Free school meals for all London primary school kids after Khan ‘finds £130m’

A surprise budget surplus has enabled City Hall to provide hot meals for 270,000 school pupils, reports Noah Vickers, Local Democracy Reporter

Sadiq Khan speaking to children on a visit to a primary school on Monday 20th (credit Noah Vickers/LDRS)

Sadiq Khan has defended his plan to provide free school meals for all primary school children in London after his political opponents claimed the scheme was unfocused.

The London mayor said that making the scheme universal will mean no primary-age child will feel “the shame and embarrassment of being labelled a ‘free school meal child’”.

The year-long scheme will cover all primary school children in the capital for the 2023/24 academic year. It is expected to benefit around 270,000 primary school children who do not already receive free school meals, and save families around £440 per child across the year.

But Conservative assembly members at City Hall said the plan should instead provide targeted support to lower income families across both primary and secondary schools.

Emma Best, the Tory health spokesperson, said: “While I welcome more children having access to free school meals this year, the reality is that many lower income families will be hit hard by a 57% increase in Sadiq Khan’s council tax since 2016 and his £12.50 daily Ulez charge.

“This one-off package has completely missed secondary school pupils, meaning that lower income parents of older children are paying for wealthier families’ younger children. If the mayor genuinely wants to help the poorest families, he should be focusing on those most in need across all schools.”

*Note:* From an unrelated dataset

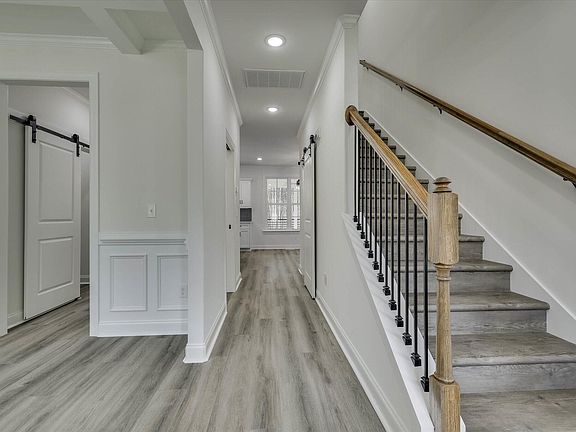 4th image of 805 Leslie Court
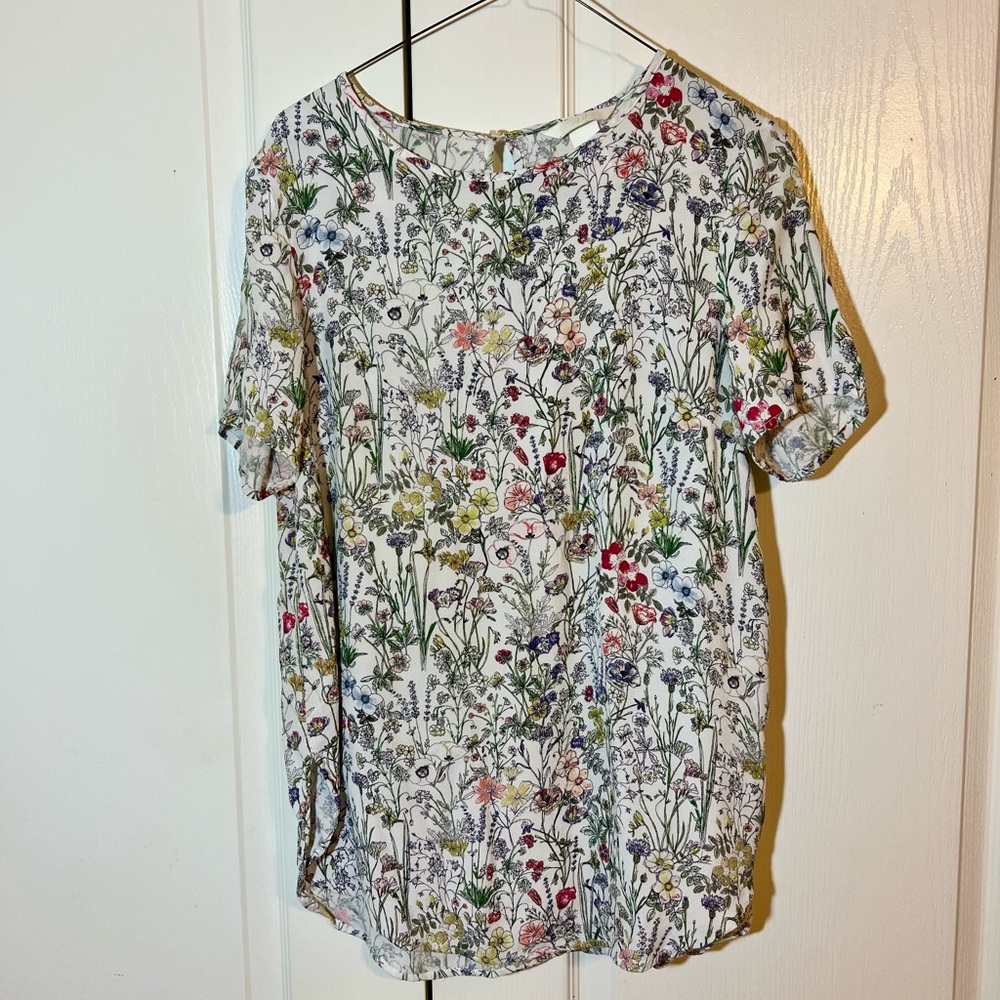 H&M Multicolor Floral Short Sleeve Top Size 8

Defending his plan during a visit to his old school – Fircroft Primary School in Tooting – Khan said: “I welcome my political opponents joining the campaign for free school meals.

“If their criticism is [that] it should be secondary schools as well, then I agree with them, and they should be joining me in lobbying the government for there to be provision of free school meals in primary schools and secondary schools.

“I’ve always been frank and candid with Londoners. I’ve managed to find £130million, which is how much it’s going to cost us to provide a free school meal to every child in a primary school across the city.

“I know though from personal experience, the shame and embarrassment of being labelled a ‘free school meal child’, when the majority of your mates aren’t receiving a free school meal.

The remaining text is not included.